Penalising themes with fewer votes just lead back to the first attempt, where more votes was broadly better. Boosting themes with fewer votes just exacerbated the issue with average score above, where a few good votes was all that was needed. Trying to corral towards the median just left us with a whole bunch of the middling themes not getting penalised in either direction.
Trying to figure out what a “good” vote was highlighted the two major fallacies I’d not addressed up until this point:
Data Problem #3: The Scores Don’t Mean Shit
As mentioned at the top, everyone’s ranked votes were submitted from +5 to -4 (no, I don’t remember why we did this). The ranked voting system means all the votes are submitted relative to each other; there’s no way real way to have comparable scores between themes (and between people).
What do I mean by that?
If someone gets four brilliant themes in their selection, the scores those brilliant theme will be given are +5, +4, +3, and +2, and so on.
If someone gets one excellent theme, one ok theme, and a handful of complete duds? You guessed it: +5, +4, +3 and so on again.
And even worse: if someone gets one “meh” theme and nine complete stinkers? You better believe those stinkers are scoring just as highly as someone else’s 2nd/3rd/4th votes.
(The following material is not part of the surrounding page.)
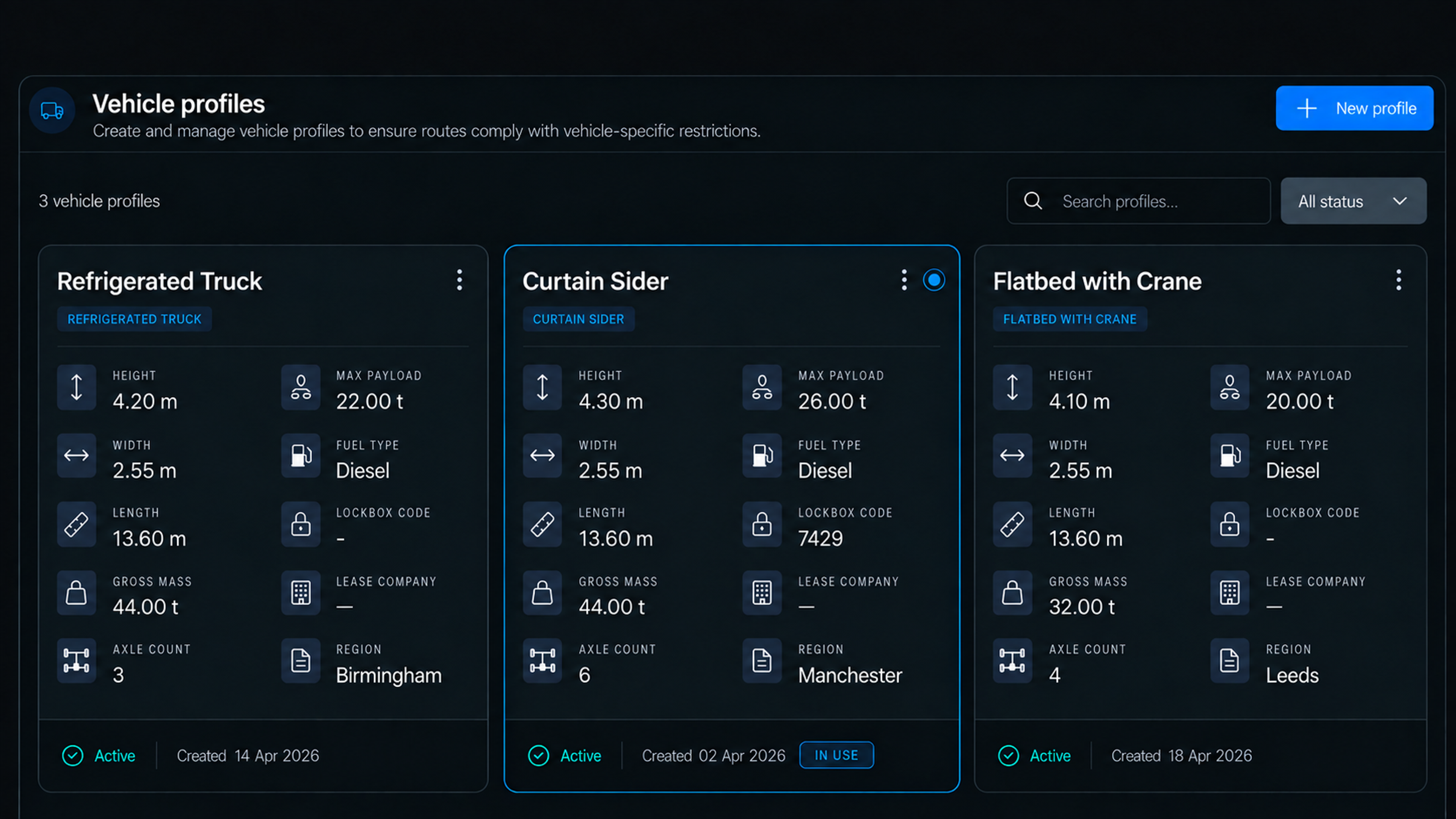 Vehicle profiles panel: coach, B-double and prime mover with trailer, each with its dimensions and mass. 16:9, dark UI.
Data Problem #3.2: You Can’t Do Maths On Relative Numbers
I expect any seasoned data scientists reading have been waiting for this clanger to drop for some time now: the numbers are all relative, I shouldn’t be trying to directly compare them. If my 3rd place vote was great but not quite excellent, and your 3rd place was the ok-ist of a mediocre bunch, why are we trying to equate those votes together?
Moreover, consider this:
"theme": "Nothing But Crabs" "votes": [ { "first": "user-id-1", "second": 5 }, { "first": "user-id-2", "second": 3 }, { "first": "user-id-3", "second": 3 } ]User 1 ranked this theme as their top pick, that’s not too troublesome. We can confidently say “That’s the favourite theme User 1 had in their selection”. Good stuff.
Users 2 and 3 voted “Nothing But Crabs” in the same place, but… are they the same? I don’t think we can say that. As mentioned in Data Problem #3, your third place theme and my third place theme are in two totally different frames of reference.
There’s no way to directly compare the scores themselves. Perhaps we can use the positions of themes to evaluate which ones were more popular?
Let’s try something else…
(Fun fact! This may or may not also be a naive implementation of a Bradley-Terry model. I’m honestly not sure.)
When users rank their votes, the scores themselves are meaningless as scores; all they tell us are the order a specific user rated their themes.
So maybe our definition of “the best theme” could be “the theme that was rated above others most consistently”!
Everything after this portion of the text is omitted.